Originally called "The Blouse Man," Gray's screenplay is a trite story about a happily married Jewish couple (Diane Lane, Liev Schreiber) who traumatize their children and nearly break up when she starts sleeping with a hunky traveling blouse salesman (Viggo Mortensen). The story takes place at a Catskills retreat in the watershed summer of 1969.
The movie's final title, "A Walk on the Moon," emphasizes this larger context. As the lovers begin their affair, Neil Armstrong takes his one small step on the moon. As her husband is stuck back home repairing television sets for the big event, the wife and the blouse man run off to the nearby Woodstock festival. The country is transfixed by these history-making events, and so are the lovers, though eventually everyone has to come back down to earth.
Goldwyn was only 9 years old in 1969, yet he does a lovely job of evoking the period. It's all in the details: the rote rebelliousness of the couple's teenage daughter (Anna Paquin), a heavily made-up neighbor lady who tries to look like Barbra Streisand, painstaking re-creations of the televised moon walk and the rock festival, a golden-oldies soundtrack (carefully selected), the camp's limited pre-video entertainment options (a 16mm print of 1965's "King Rat" is the main event).

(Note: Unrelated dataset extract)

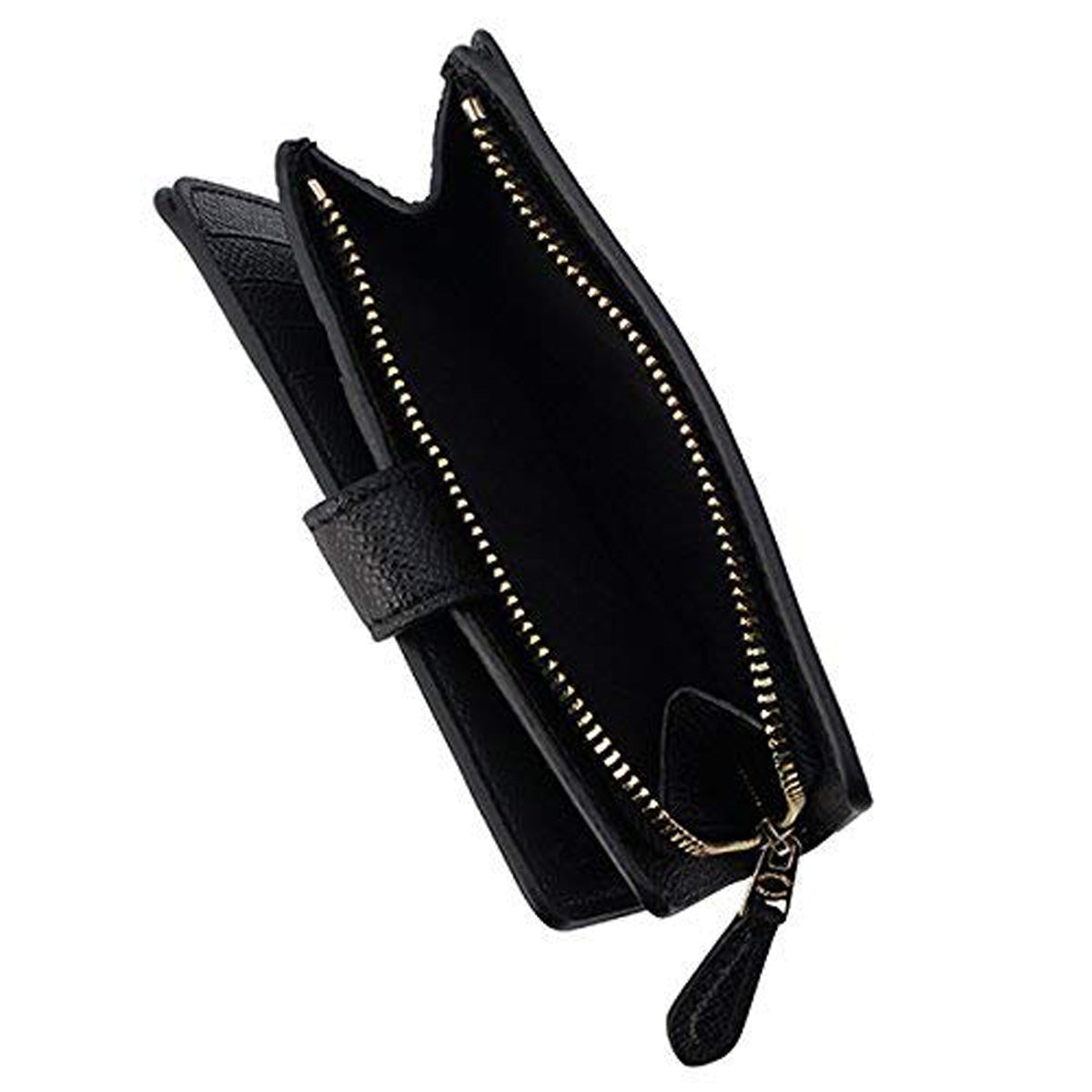 COACH Leather Medium Corner Zip Wallet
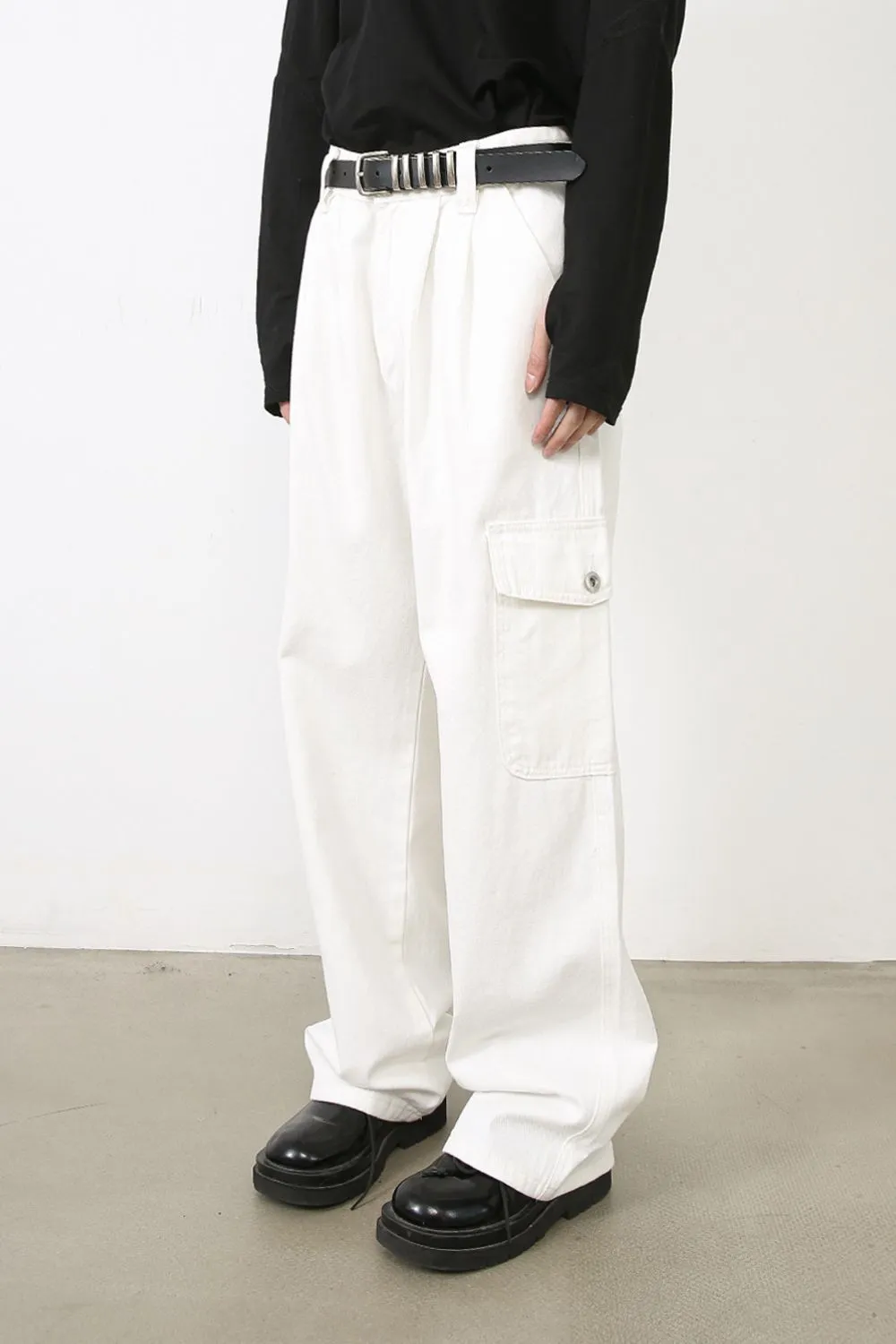 Men's Loose Fit Cargo Jeans, image 2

Hippies wander into the retreat, planning to bathe nude in the lake until they're drummed out by the residents. When Paquin's character has her first period, a loudspeaker announces throughout the camp that "today Allison became a woman." As the wine jug is passed at Woodstock, Richie Havens sings "freedom, freedom."
Unfortunately, the characters are soon explaining themselves with lines like "it's not that simple," rationalizing their lust, talking about how they didn't mean to hurt anyone, and suddenly we're back in Soap Land. In its final scenes, the movie's ambitions are reduced to the level of "How I Learned to Stop Worrying and Dance to Jimi Hendrix."
More often than not, the actors redeem it. Lane and Mortensen struggle with underwritten roles, but their chemistry is undeniable. Paquin continues to impress as she grows into her teen roles, while Tovah Feldshuh makes the most of her part as a grandmother who sees meddling as her duty.
Best of all is Schreiber, who transforms the seemingly dull husband into an anguished, fair-minded man of unexpected depth and generosity. Long after the film's other domestic scenes are forgotten, you'll remember the one in which his son is rescued by the blouse man - and he finds himself thanking his rival for saving his child.